Retirement Planning for no-go years and Long-Term Care Policy
Baseline Information: Single with a “die with zero strategy”. I have a retirement plan that aims to start in the next couple of years and will rely on IRA funds within a qualified account, as well as lifetime income sources such as non-cola pension, non-cola annuity and cola social security. This part of the equation is well modelled and achieves the desired outcome. Using future dollars (or even current dollars) for the final 5-10 years, even with a no-go years reduction on lifestyle expenses, it still creates a big demand on the income side of things.

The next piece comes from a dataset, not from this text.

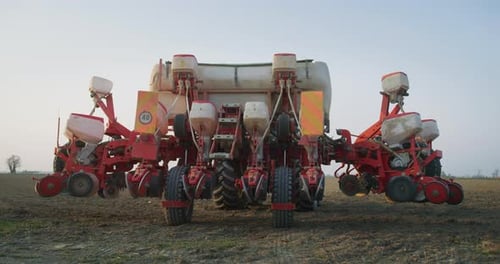 Close up of an industrial multifunctional modern plowing tractor is activating before to start wor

Scenario: I have a Long-term Care Policy with Prudential purchased many years ago with a fixed annual fee that will have a benefit bank of $4M when I’m 80. It has a facility daily benefit option for home health care cash option that will pay out 50% of the daily benefit. Right now, this illiquid asset is not part of my retirement plan, but it seems strange to be having a retirement plan that achieves a terminal balance of zero but has no connection to the LTC.
Question: What are suggested methods to layer in the LTC into the retirement plan? No one can predict our health needs 30 years from now, but should I be keeping this asset completely off the books? Or, is there a reasonable pathway to infuse it into my retirement plan, such that I can increase my lifestyle expenditures and utilize my income sources, earlier in my retirement life?
Please let me know if there is enough background information provided and your thoughts on this question.